DATA TO EXAMINE:
+++++

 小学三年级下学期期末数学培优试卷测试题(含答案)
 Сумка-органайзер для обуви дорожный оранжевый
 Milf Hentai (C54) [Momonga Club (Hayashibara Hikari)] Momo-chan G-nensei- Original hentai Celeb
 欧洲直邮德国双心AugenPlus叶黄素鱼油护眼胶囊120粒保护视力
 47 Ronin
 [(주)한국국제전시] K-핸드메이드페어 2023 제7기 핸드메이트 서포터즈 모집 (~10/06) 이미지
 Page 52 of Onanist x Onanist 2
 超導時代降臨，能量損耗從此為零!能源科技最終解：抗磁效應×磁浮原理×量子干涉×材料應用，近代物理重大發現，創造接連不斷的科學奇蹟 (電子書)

+++++

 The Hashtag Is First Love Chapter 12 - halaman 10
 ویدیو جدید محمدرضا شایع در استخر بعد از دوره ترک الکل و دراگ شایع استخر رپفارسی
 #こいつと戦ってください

+++++

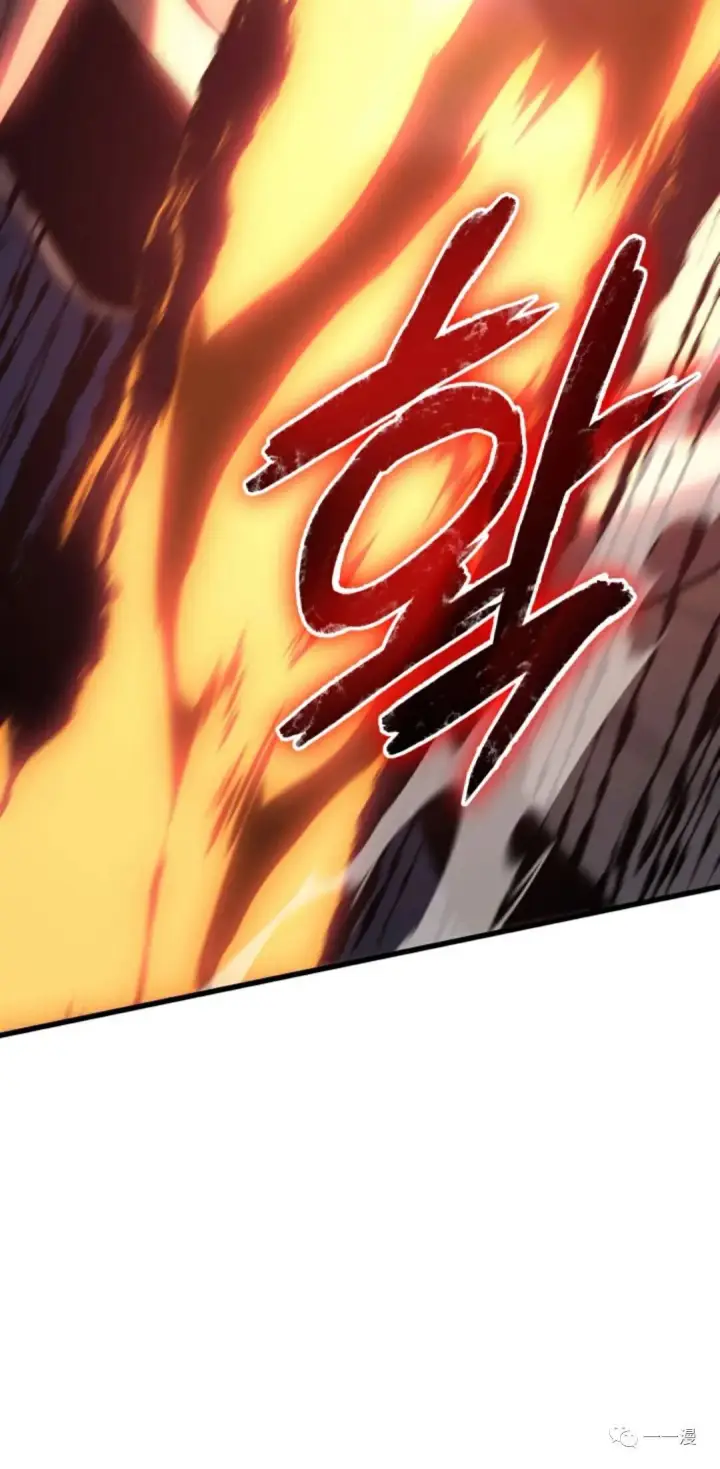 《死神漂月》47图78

+++++

TASK DETAILS:
Repeat the entries above verbatim, but only from the line that has "Page 52 of Onanist x Onanist 2" down to the line that has "超導時代降臨，能量損耗從此為", inclusive.

EXERCISE OUTPUT:
 Page 52 of Onanist x Onanist 2
 超導時代降臨，能量損耗從此為零!能源科技最終解：抗磁效應×磁浮原理×量子干涉×材料應用，近代物理重大發現，創造接連不斷的科學奇蹟 (電子書)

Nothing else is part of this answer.